▶ INSTRUCTIONS FOR THE TASK
Write out exactly the lines from the one holding "MinisterLtLightItalic Font –" to the last line of the entries, both ends included and nothing else, without the pictures.

Records from a data source

*-*-*

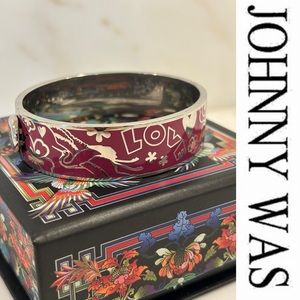 Johnny Was LOVE Bracelet, Enamel Hinged Bangle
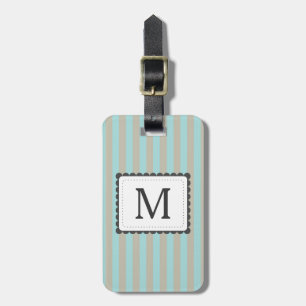 Light Blue & Beige Stripes Custom Monogram Luggage Tag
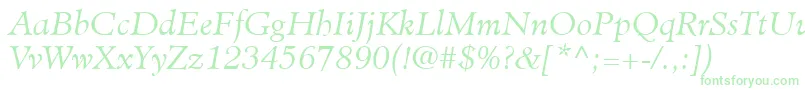 MinisterLtLightItalic Font – Green Fonts on White Background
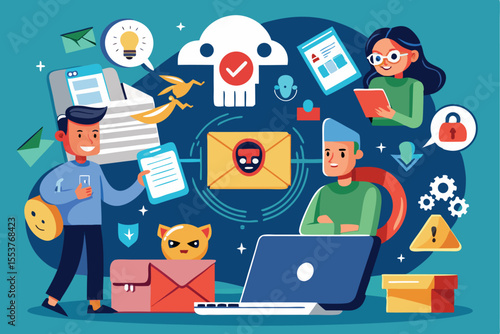 Cyber crime characters discussing personal data breaches and unauthorized access during a digital security awareness event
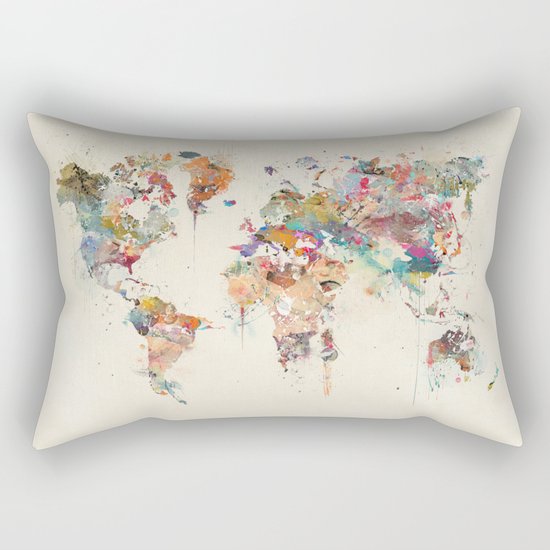 world map watercolour Rectangular Pillow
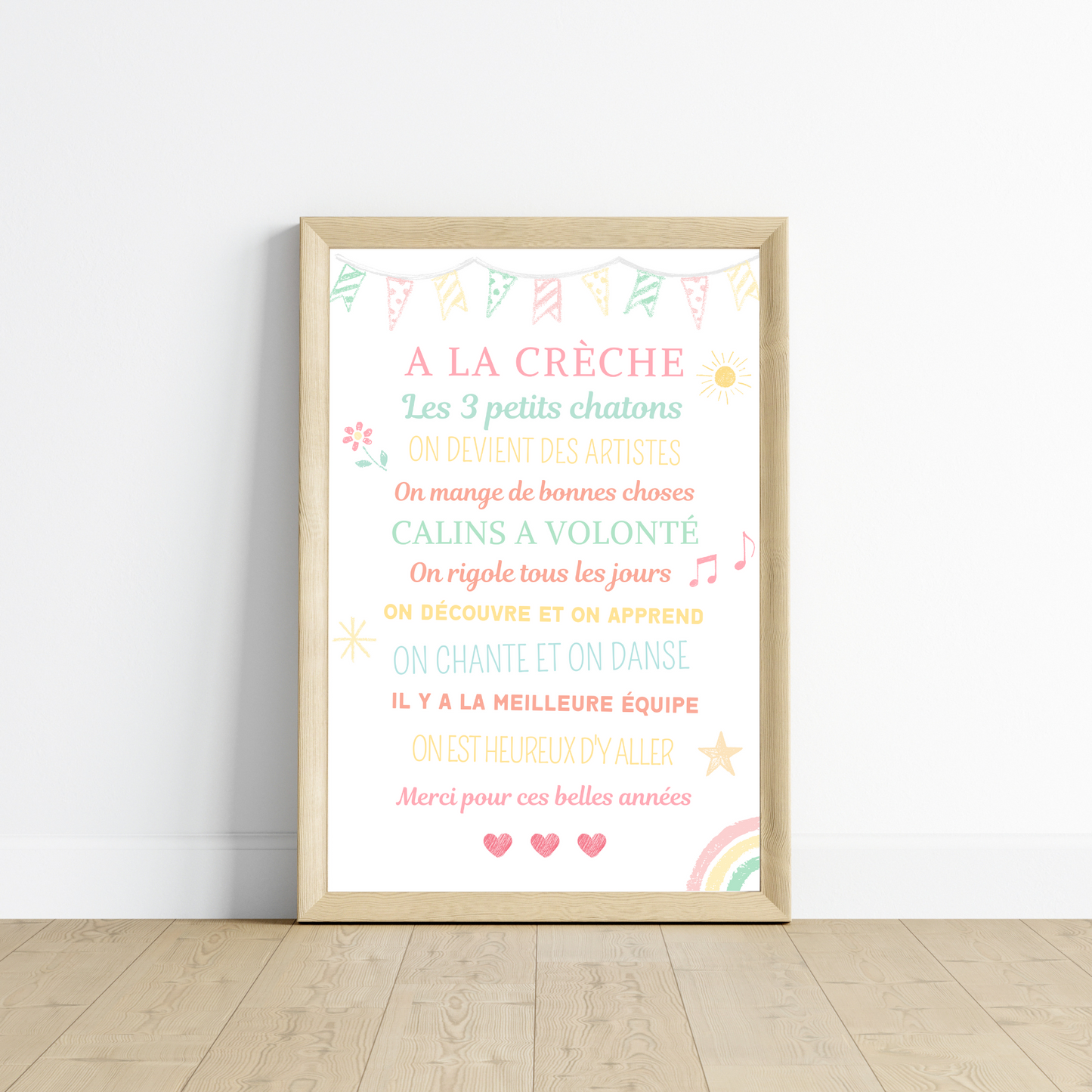 Affiche a la crèche personnalisé - poster merci crèche - cadeau crèche personnalisé par Le Temps des Paillettes - Le Temps des Paillettes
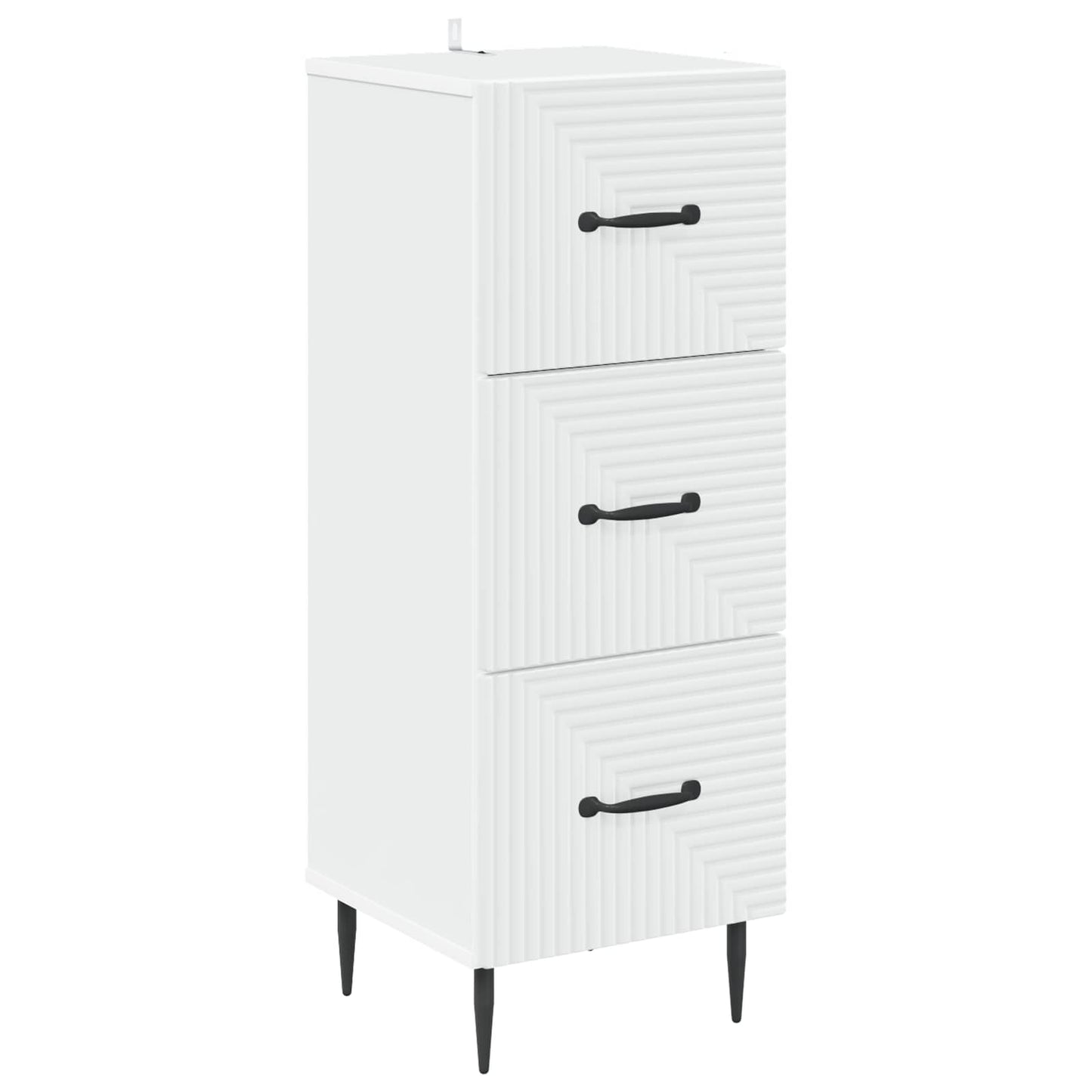 Drawer Cabinet White 33 x 34.5 x 89.5 cm Engineered Wood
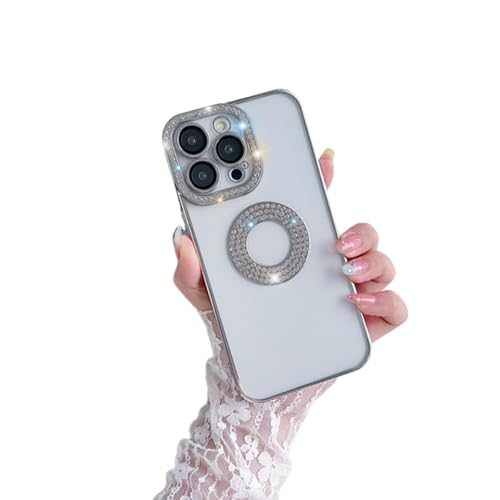 Housse de protection d'objectif en strass de luxe et cadre argenté pour iPhone 13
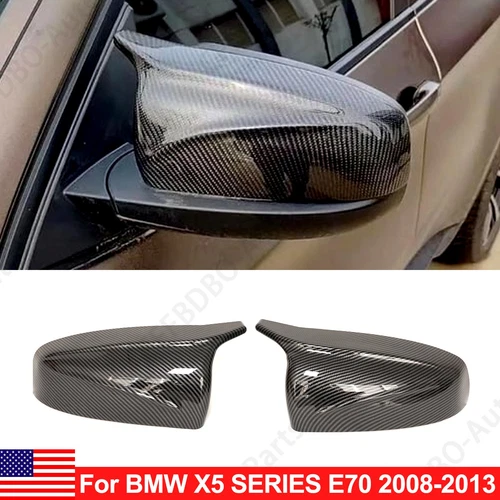 Carbon Fiber Look M Style Side Mirror Cover Caps For BMW X5 X6 E70 E71 2007-2013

*-*-*

▶ ANSWER SECTION
 MinisterLtLightItalic Font – Green Fonts on White Background
 Cyber crime characters discussing personal data breaches and unauthorized access during a digital security awareness event
 world map watercolour Rectangular Pillow
 Affiche a la crèche personnalisé - poster merci crèche - cadeau crèche personnalisé par Le Temps des Paillettes - Le Temps des Paillettes
 Drawer Cabinet White 33 x 34.5 x 89.5 cm Engineered Wood
 Housse de protection d'objectif en strass de luxe et cadre argenté pour iPhone 13
 Carbon Fiber Look M Style Side Mirror Cover Caps For BMW X5 X6 E70 E71 2007-2013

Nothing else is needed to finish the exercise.